The two and a half day drive was smooth and uneventful. By the time we arrived in Utah, all of their resorts had closed. So instead of spending the afternoon renting ski gear, we spent it around our friends' kitchen table. During this lunch, dinner, and dessert campaign, their youngest son returned from a week in Banff Canada. Then their middle son returned from a week at Moab. We all caught up and watched the news feeds roll through. Our first fallback plan was to take advantage of the many hiking trails in Salt Lake and Park City. We thought we'd spend a few days doing that and then head back. But when the talk of stopping interstate travel began, I got a touch nervous. I'm usually the first to ignore such alarmism, but per my accounting, every measure floated up to that point had come to fruition, so that travel lock-down spooked me a bit. Granted, there are worse states to get trapped in than Utah (including the one I live in). However, I did not want to be an imposition to our friends, even though I believe they would have been thrilled to have us (the few that didn't have to give up beds at least).
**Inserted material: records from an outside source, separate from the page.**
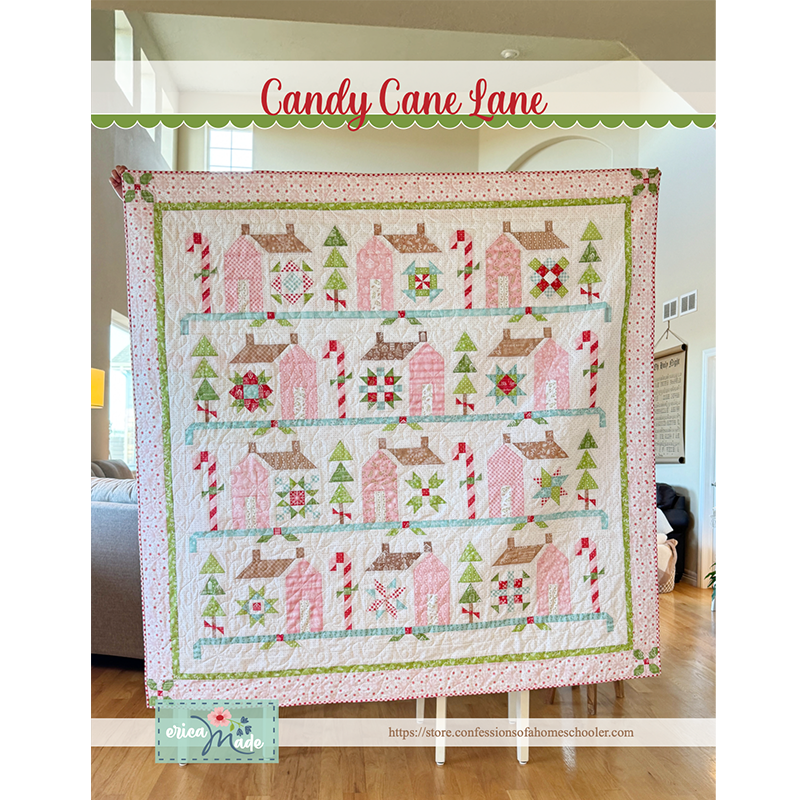 (image for) Candy Cane Lane Quilt PDF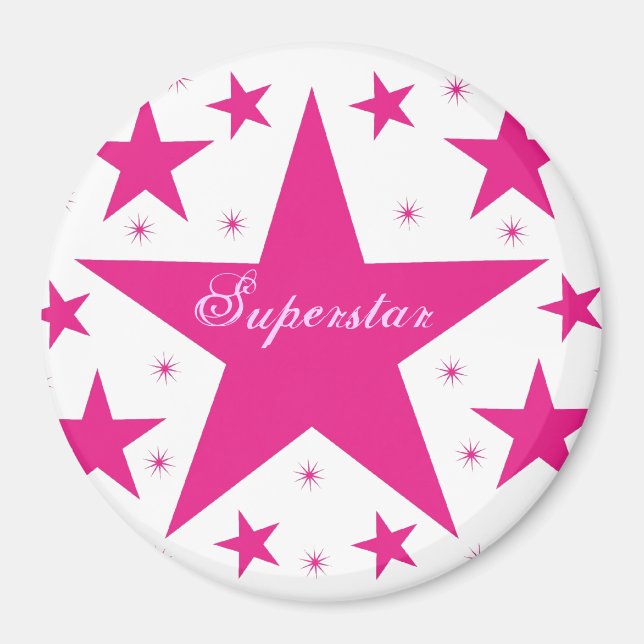 Superstar Magnet, Rosa Magnet (Framsidan)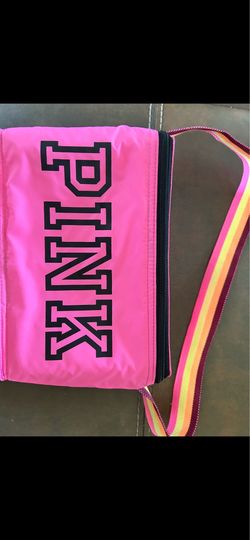 PINK Lunch tote bag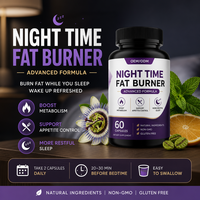 Capsule brûle-graisses nocturne à base de plantes, marque privée, supplément minceur extra fort à la racine d'ashwagandha pour la perte de poids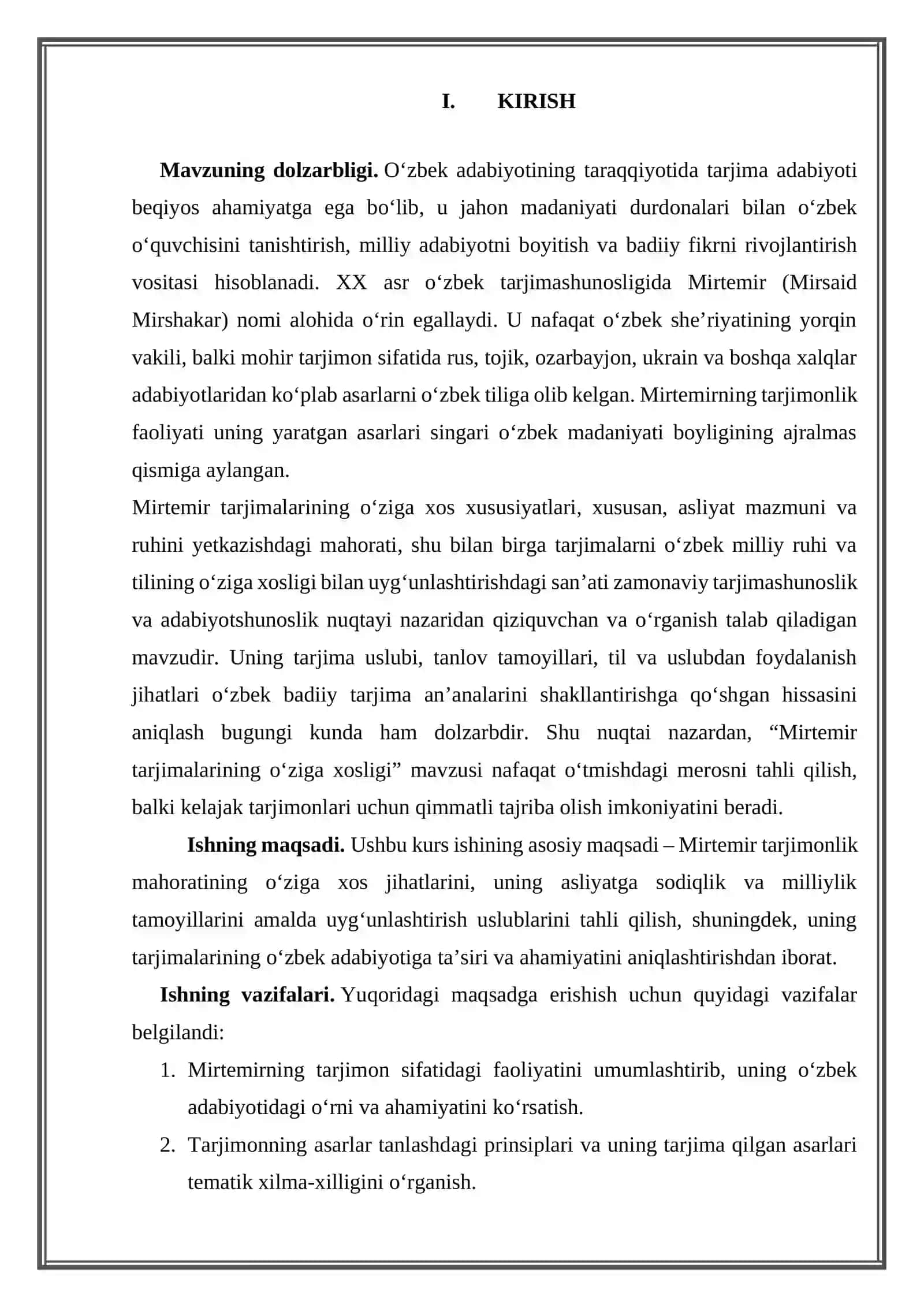 Mirtemir Tarjimonlik Faoliyatining O‘zbek Adabiyotidagi O‘rni 3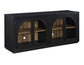Magnolia Cathedral Doored Server/TV Stand, Black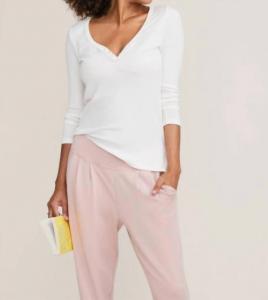 Hatch Рубашка-поло с ребристой отделкой, цвет слоновой кости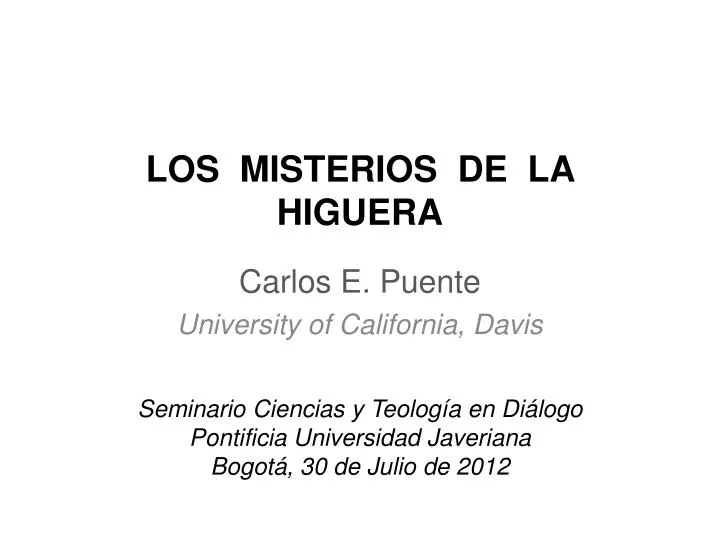 los misterios de la higuera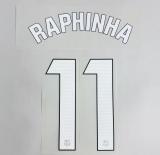 RAPHINHA #11 FC Barcelona 2025-26 Third Away La Liga Football Soccer Name & Number Set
To be on the safe side, we opted to head back in the morning. For those keeping score, that would be a full day of driving on Friday and Saturday. The first half of Sunday was on the road, and the second half we visited our friends. Then back in the car first thing Monday morning, where we drove twenty straight hours to get home at 5:30 Tuesday morning. I wanted to be in our state before midnight—we crossed the line at 11:55. I reckon few people have made that sort of trek for what turned out to be dinner with friends.

For the rest of the week, our family experienced our first staycation. This is something that has been on everyone's wish list but never punched. To see how each person fell into their own easy routine, you'd think they had already done this a dozen times. It wasn't skiing, but it was memorable.